Open vs. closed layers

An important distinction is that between open- and closed-class annotation layers:

Open annotation layers do not place restrictions on the possible annotation values. In the editor, they are typically represented by a text box which accepts arbitrary input.

Instances of these annotation layers are created automatically and can simply be selected when linking annotation layers to documents.

Example: lemmatization
Closed annotation layers have a fixed set of allowed annotation values. In the editor, values are typically selected from a dropdown box.

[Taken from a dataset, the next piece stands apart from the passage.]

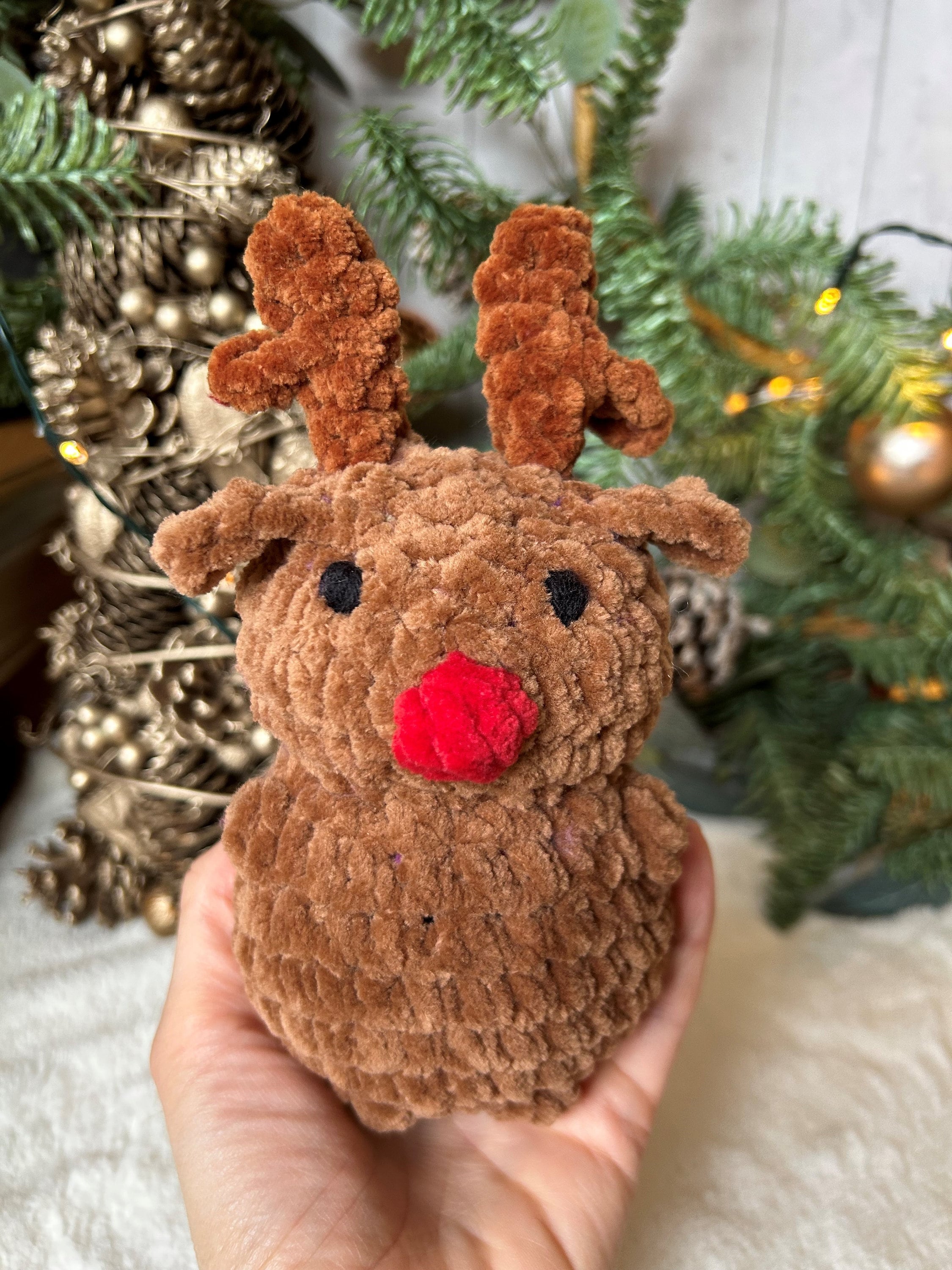 40 Reindeer Crochet Patterns: Add Homemade Warmth to Your Holiday Decor 8 Christmas Reindeer crochet amigurumi reindeer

Because of this, instances of these annotation layers need to be created manually in the “Administration” tab by providing a name and a list of allowed values (‘tags’). This also means that, contrary to open-class layers, there can be several instances of the same closed annotation layer, but with different tag lists.

Example: POS

List of annotation layers

Here is a list of all annotation layers that CorA currently supports. Each layer has an internal “type”, i.e. a short abbreviation which identifies it. This type string is used when importing tagsets and also appears in XML tags when exporting documents in CorA-XML format.

Name	Type	Class
Part-of-speech	pos	closed
Lemmatization	lemma	open
Lemma suggestion	lemma_sugg	closed
Lemma part-of-speech	lemmapos	closed
Normalization	norm	open
Modernization	norm_broad	open
Modernization type	norm_type	closed
Boundaries	boundary	closed
Comments	comment	open
Secondary comments	sec_comment	open

Part-of-speech (POS)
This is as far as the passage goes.